Write out the listing from the line with "Condominio en venta" to the line with "Kilis’te kaçak kazı", both lines included, exactly and nothing beyond. Leave pictures out.

START SOURCE MATERIAL

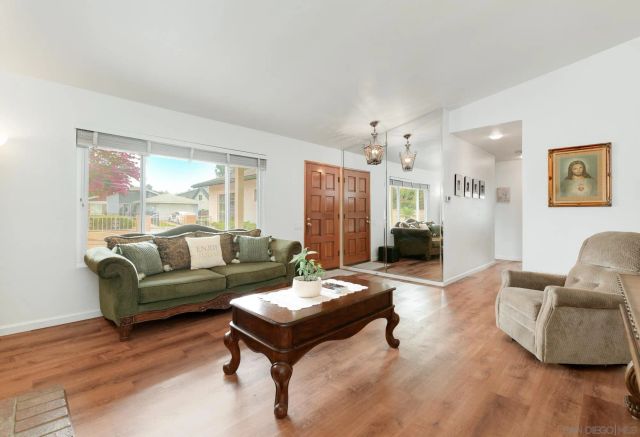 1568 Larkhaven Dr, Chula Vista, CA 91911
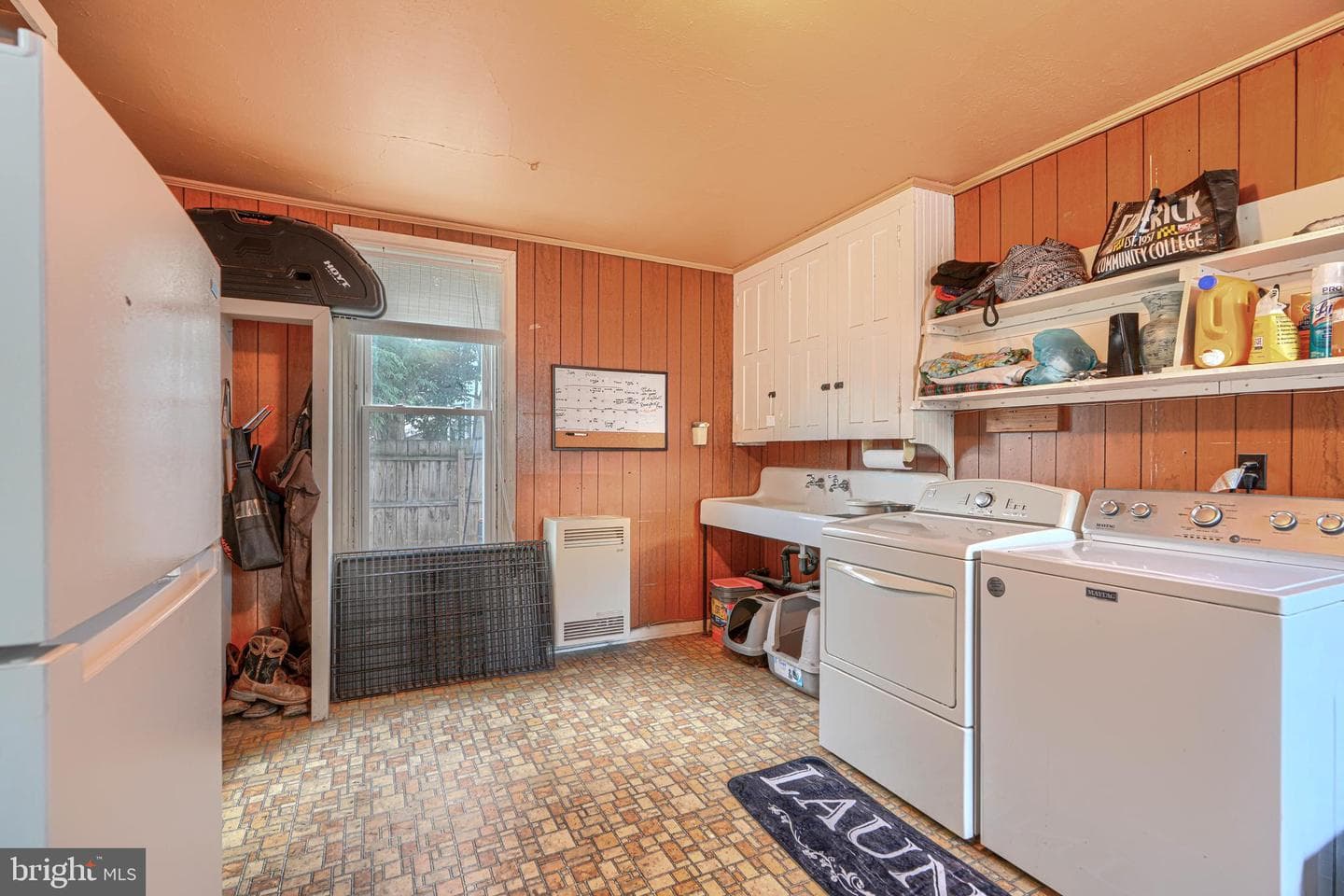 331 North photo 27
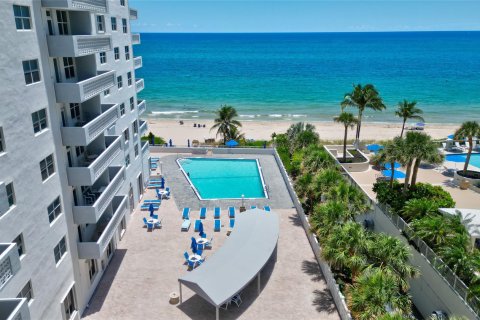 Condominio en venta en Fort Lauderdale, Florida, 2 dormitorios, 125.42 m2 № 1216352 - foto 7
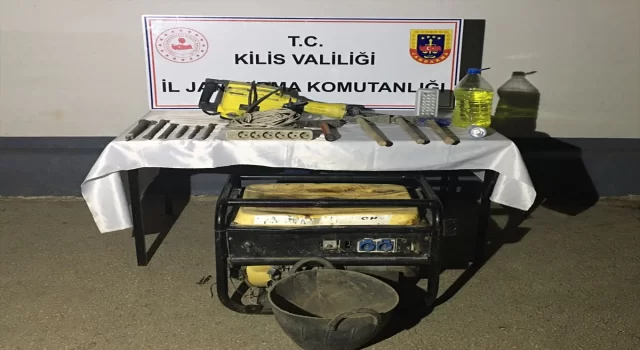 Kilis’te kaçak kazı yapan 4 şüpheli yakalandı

END SOURCE MATERIAL
START SOURCE MATERIAL

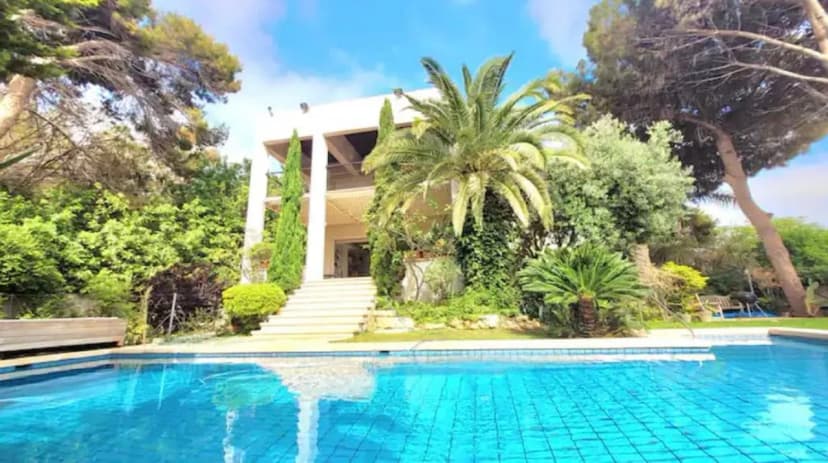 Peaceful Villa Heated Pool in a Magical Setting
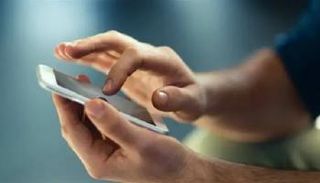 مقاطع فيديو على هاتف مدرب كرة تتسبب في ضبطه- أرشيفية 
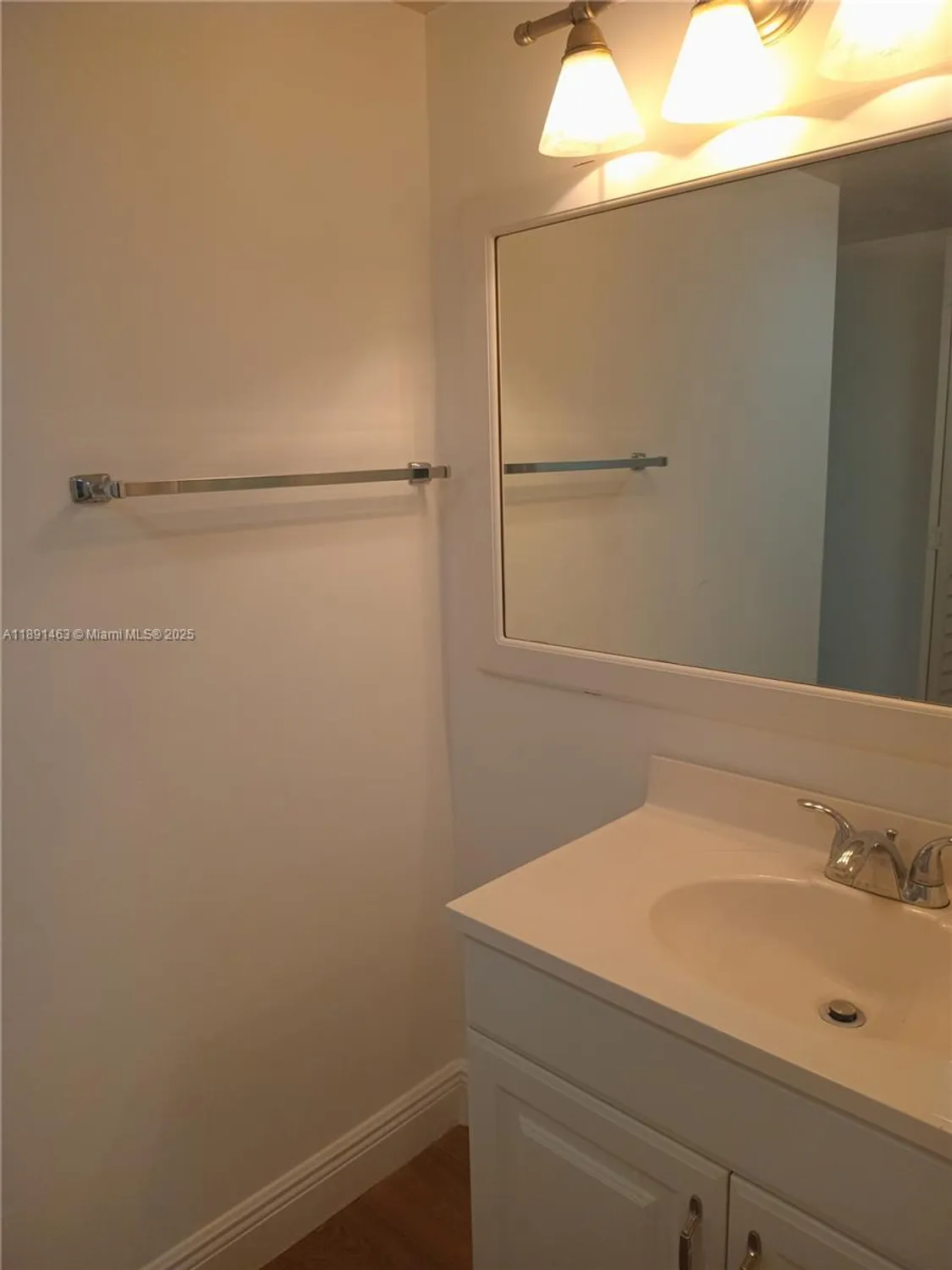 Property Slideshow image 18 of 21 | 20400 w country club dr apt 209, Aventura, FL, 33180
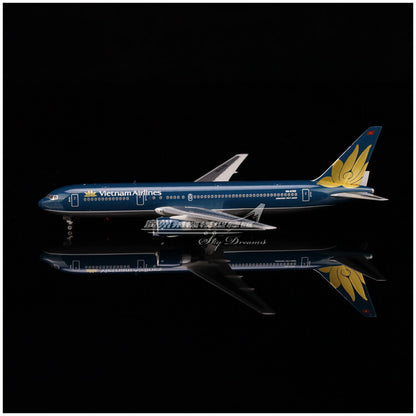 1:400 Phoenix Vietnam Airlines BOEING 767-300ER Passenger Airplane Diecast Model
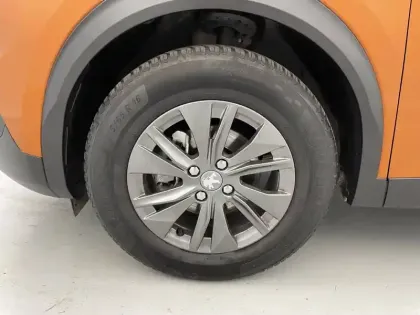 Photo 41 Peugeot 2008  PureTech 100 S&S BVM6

END SOURCE MATERIAL
START SOURCE MATERIAL

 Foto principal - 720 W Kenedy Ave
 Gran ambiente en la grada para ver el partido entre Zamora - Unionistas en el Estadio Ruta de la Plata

END SOURCE MATERIAL

**FINAL ANSWER**
 Condominio en venta en Fort Lauderdale, Florida, 2 dormitorios, 125.42 m2 № 1216352 - foto 7
 Kilis’te kaçak kazı yapan 4 şüpheli yakalandı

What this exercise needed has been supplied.